#### Source material

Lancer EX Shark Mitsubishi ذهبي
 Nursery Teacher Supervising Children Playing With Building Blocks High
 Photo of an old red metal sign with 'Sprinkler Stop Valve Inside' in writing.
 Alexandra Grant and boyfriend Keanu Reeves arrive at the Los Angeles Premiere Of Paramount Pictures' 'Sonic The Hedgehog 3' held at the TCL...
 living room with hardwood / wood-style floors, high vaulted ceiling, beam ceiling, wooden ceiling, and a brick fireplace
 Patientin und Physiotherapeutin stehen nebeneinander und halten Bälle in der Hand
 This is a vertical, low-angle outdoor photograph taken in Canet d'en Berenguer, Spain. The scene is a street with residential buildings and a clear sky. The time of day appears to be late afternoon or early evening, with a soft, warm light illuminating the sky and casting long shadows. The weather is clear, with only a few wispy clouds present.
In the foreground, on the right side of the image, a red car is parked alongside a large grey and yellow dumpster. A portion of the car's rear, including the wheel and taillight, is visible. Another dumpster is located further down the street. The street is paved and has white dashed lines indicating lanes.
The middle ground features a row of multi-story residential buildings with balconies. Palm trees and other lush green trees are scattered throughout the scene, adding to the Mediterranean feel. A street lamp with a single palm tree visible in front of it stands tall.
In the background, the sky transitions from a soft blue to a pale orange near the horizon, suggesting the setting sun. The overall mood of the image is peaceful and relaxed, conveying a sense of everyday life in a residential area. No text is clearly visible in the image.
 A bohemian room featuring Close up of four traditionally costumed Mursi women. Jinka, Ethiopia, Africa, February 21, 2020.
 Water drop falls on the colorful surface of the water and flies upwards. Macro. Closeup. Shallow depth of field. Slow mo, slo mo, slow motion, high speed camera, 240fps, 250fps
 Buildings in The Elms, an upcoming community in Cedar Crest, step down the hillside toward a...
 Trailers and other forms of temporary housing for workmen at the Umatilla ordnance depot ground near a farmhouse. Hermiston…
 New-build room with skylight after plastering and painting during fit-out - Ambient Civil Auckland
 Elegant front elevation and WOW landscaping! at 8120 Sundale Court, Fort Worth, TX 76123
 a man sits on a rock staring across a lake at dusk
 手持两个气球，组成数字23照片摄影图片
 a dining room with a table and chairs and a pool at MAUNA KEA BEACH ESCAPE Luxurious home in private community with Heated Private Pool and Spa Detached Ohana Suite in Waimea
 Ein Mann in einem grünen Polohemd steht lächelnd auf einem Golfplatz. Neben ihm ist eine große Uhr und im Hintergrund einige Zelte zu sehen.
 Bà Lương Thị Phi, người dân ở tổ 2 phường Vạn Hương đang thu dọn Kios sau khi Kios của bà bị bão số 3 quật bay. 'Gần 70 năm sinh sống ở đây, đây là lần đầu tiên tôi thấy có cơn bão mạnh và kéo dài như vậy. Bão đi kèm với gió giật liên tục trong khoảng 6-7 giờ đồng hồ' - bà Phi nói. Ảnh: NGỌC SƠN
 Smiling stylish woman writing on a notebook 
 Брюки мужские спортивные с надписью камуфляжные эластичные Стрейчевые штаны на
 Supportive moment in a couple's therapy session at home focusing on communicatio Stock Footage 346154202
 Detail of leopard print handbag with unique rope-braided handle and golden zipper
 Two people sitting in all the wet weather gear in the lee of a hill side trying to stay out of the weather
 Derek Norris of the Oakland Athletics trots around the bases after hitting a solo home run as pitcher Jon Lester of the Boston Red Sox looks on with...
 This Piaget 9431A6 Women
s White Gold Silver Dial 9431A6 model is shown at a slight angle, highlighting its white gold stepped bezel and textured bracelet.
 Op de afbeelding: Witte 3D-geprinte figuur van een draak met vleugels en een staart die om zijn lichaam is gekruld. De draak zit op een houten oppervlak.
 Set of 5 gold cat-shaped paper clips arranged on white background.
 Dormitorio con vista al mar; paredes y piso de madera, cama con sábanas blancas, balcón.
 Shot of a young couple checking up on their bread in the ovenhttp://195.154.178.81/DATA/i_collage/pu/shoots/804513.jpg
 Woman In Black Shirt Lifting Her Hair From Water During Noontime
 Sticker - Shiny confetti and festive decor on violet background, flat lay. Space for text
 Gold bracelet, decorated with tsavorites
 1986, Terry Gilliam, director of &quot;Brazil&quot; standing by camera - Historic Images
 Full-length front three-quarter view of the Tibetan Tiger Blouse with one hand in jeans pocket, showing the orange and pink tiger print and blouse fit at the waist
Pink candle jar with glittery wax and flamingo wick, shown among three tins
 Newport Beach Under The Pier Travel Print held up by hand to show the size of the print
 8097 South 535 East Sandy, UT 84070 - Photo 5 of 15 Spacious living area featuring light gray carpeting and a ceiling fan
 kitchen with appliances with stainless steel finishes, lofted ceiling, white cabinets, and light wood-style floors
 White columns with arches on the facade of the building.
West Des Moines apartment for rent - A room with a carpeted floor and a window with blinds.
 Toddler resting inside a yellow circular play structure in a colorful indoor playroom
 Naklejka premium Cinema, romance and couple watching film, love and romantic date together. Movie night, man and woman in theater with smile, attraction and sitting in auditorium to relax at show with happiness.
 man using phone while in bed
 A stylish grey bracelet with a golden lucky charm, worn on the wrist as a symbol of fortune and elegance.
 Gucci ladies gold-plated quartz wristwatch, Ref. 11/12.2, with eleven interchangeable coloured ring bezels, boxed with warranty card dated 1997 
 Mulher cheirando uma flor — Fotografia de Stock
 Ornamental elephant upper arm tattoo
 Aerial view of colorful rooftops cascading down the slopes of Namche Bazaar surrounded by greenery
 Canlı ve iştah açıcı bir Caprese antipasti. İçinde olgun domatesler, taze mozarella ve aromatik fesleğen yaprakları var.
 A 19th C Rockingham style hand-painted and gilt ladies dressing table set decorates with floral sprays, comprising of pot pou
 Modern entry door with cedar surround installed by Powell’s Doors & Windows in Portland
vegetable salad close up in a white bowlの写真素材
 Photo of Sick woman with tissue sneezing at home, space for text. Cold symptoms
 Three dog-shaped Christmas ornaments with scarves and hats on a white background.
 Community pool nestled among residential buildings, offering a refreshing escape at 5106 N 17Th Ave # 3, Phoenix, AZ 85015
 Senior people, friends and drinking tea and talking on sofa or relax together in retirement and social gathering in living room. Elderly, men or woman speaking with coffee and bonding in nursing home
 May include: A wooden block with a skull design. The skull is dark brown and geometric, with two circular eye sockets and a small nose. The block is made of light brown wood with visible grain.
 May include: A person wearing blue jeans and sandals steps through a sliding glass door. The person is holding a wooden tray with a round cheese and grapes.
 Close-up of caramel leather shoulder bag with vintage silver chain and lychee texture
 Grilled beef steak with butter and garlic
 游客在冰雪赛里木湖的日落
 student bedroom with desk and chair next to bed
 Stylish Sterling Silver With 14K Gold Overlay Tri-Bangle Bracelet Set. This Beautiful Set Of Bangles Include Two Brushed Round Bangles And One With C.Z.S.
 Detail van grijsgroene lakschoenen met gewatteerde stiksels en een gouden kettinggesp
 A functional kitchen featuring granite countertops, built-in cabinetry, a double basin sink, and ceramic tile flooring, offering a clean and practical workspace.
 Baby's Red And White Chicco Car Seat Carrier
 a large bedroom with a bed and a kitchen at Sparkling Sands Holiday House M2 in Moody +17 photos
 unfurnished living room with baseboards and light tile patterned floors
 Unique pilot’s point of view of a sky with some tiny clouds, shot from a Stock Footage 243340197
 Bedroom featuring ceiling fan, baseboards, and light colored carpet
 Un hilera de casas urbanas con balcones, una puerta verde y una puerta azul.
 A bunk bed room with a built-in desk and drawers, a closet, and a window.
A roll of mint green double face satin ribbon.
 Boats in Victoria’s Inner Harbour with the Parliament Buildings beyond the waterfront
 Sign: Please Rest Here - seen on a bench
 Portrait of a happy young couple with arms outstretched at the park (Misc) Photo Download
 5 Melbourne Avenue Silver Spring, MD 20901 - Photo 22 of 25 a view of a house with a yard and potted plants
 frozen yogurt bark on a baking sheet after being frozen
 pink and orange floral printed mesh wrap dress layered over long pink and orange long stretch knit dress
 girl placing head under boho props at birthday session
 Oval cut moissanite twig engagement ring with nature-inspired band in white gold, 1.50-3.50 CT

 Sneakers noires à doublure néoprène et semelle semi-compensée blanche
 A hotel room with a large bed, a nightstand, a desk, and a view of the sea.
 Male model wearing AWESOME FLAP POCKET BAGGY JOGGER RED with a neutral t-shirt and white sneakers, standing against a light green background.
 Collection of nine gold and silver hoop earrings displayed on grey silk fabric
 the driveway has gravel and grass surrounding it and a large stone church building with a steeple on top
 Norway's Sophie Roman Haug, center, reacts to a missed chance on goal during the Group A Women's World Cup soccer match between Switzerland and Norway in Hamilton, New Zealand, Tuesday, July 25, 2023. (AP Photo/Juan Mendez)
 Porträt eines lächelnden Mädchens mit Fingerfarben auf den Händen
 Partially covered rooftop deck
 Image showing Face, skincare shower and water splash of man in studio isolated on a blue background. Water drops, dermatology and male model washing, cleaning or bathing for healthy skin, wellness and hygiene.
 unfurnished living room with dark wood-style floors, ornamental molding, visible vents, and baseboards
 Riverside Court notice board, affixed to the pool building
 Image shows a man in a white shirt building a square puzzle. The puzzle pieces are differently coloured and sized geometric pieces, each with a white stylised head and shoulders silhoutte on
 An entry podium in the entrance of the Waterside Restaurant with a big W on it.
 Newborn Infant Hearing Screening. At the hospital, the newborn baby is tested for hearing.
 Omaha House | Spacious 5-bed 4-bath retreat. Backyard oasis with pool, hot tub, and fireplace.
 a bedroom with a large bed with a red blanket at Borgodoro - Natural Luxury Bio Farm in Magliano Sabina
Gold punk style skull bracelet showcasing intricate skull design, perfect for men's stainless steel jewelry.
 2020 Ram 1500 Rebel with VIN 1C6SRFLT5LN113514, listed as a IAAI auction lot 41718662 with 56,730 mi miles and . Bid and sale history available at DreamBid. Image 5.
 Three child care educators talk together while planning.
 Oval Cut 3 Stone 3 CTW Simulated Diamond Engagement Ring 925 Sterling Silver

########

What lines in the data above carry "near"? Return them all.

In the background, the sky transitions from a soft blue to a pale orange near the horizon, suggesting the setting sun. The overall mood of the image is peaceful and relaxed, conveying a sense of everyday life in a residential area. No text is clearly visible in the image.
 Trailers and other forms of temporary housing for workmen at the Umatilla ordnance depot ground near a farmhouse. Hermiston…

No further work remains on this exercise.